Salmann: Natürlich existieren Formen der Mystik und der Aufklärung, die gar nichts miteinander zu tun haben. Aber es gibt doch Horizonte und Abgründe, die Aufklärung und Mystik miteinander verbinden. Ich habe schon von der mystischen Grundierung der Intuitionen der Philosophie von Platon bis Wittgenstein gesprochen. Und tatsächlich ist wahrscheinlich keine große Philosophie ohne Inspiration und Erleuchtung zu verstehen. Darüber hinaus bestehen noch weitere historische und systematische Verbindungen: Die Geburt der Neuzeit spielt sich auch in der Geschichte der Mystik ab, in ihren vielen Formen, die vom 13. bis zum 17. Jahrhundert zur Entdeckung des Ich, seiner Höhen und Tiefen, seiner Abgründigkeit, seiner Fähigkeit zur Selbstkritik, aber auch seiner Welthaftigkeit führten. Jakob Böhme etwa wird für den Deutschen Idealismus wichtig. Der Pietismus ist bedeutsam für Kant und wiederum für die Philosophen von Fichte bis Schelling. Der Quietismus hat auf die französischen Aufklärer großen Eindruck gemacht, weil die Mystiker zur tiefen Kritik an aller Erfahrung fähig sind, alle Dinge noch einmal im Gegenlicht lesen und darin zugleich die Tiefe der Freiheit, der Spontaneität, des Schöpferischen, der Autonomie des Ich entdecken und einen Welt- und Ichzusammenhang erschließen, den man nicht nur einfach philosophisch denken kann, sondern der eine Intuition braucht, damit er aufgeht. Es kommen also Weltkritik und Selbstkritik, Entdeckung der Spontaneität, des Unheimlichen und des Erhellenden zusammen. Aber die Mystik hat noch weitere Seiten: Sie ist gewissermaßen «demokratisch», sie ist Frauen wie Männern zugänglich und sie hat einen starken literarischen und sprachschöpferischen Einschlag. Die Mystik besitzt Sinn für Sensibilität, Erotik, Dramatik und die Wandlungsmächtigkeit des Menschen. All das ist auf andere Weise auch in der Aufklärung neu entdeckt worden. Da bestehen eigentümliche Verwandtschaften und Grußverhältnisse, denen ich gerne nachgegangen bin. Das Ganze ist nun kein theoretischer Ansatz, sondern eher ein «Vorschlag zur Güte», eine Weise, Dinge anders zu lesen – ohne daraus eine Metatheorie destillieren zu wollen.
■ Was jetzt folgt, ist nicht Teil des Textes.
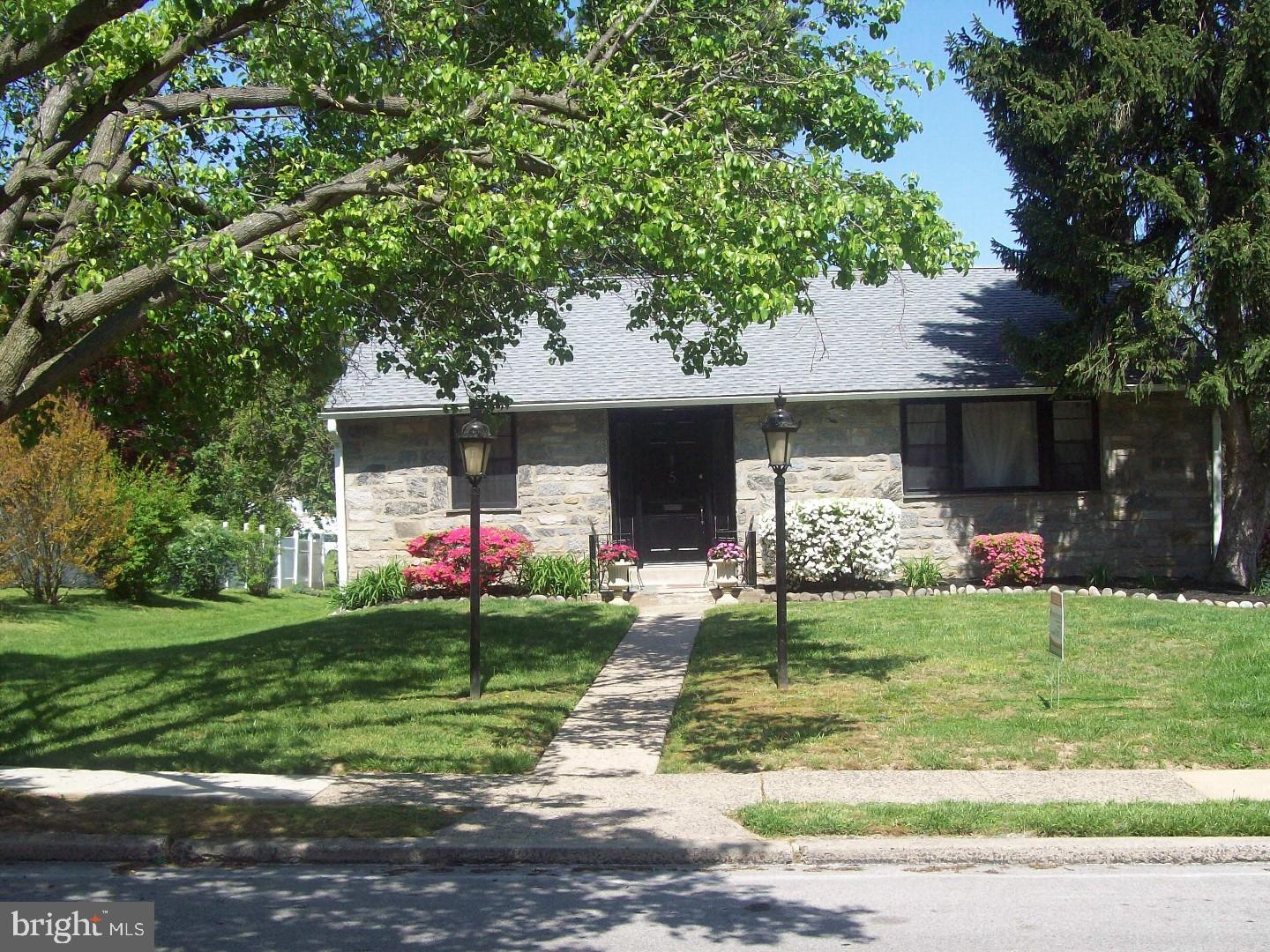 5 Arbor Lea Road Upper Darby, PA 19050 - Photo 1 of 25 Gallery Image 1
Bieringer: Wenn ich Sie richtig verstanden habe, dann sind beide Größen durch ein besonderes Krisenbewusstsein nach Innen (Kritik des Subjekts) und Außen (Wert und Verbindlichkeit äußerer Traditionen) miteinander verbunden. Wohin führt dieser Weg, was ist das gemeinsame Ziel von Mystik und Aufklärung?
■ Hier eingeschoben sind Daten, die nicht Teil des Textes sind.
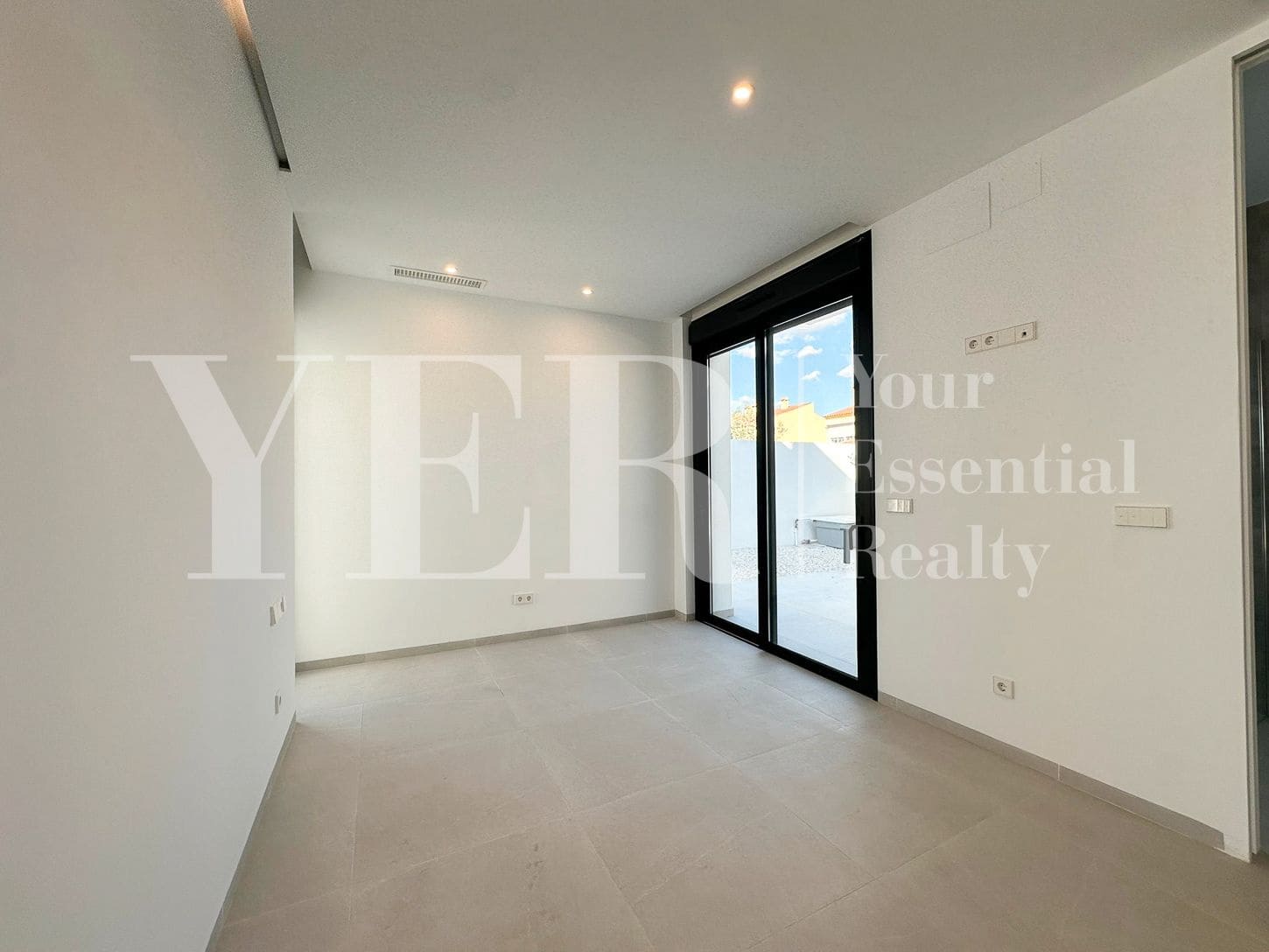 3 quarto Moradia para venda em San Juan de Alicante / Sant Joan d'Alacant com piscina garagem - 950 000 € (Ref: 8799482)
Salmann: Vielleicht gibt es kein gemeinsames Ziel, sondern eine überraschende Weggemeinschaft, die man immer wieder neu entdecken muss. Diese Verwandtschaft liegt nicht offen zu Tage, es gibt auch kein gemeinsames Telos, sondern eine geistesgeschichtliche und archetypische Nähe. In diesem Kontext möchte ich zunächst die Kritikfähigkeit nennen. Denken wir daran, wie scharf Johannes vom Kreuz oder Meister Eckhart alle Vorstellungen, Bilder, Projektionen, Vorurteile, vorläufigen seelischen Erfahrungen und Identifizierungen sowie auch kirchlich-sakramentale Festlegungen kritisieren und als nicht zu Gott gehörig ausscheiden, um dann schließlich dem bildlosen Gott als Ein und Alles Raum zu geben. Da können oft die überzeugtesten Aufklärer nicht mithalten. Hier gibt es im Vorgehen und im Entdecken viele Gemeinsamkeiten. Es ist eine parallele Entdeckungsreise des neuzeitlichen Subjekts zum Unvordenklichen und zu dem, was es trägt und überhaupt erst ermöglicht. An dieser Stelle wäre auch die Negative Theologie wiederzuentdecken, da Mystik etwas «Agnostisches» hat. Sie weiß nicht nur, was Gott nicht ist, sondern erlebt und durchfährt dieses Nicht-Sein auch am eigenen Leib, um dann zu einem geläuterten Gottesverständnis, ja zu einer Entbergung der Gott-Gegenwart zu kommen. Darüber hinaus verbindet Mystik und Aufklärung das gemeinsame Wissen um die Abwesenheit Gottes, um seine Nichtverfügbarkeit.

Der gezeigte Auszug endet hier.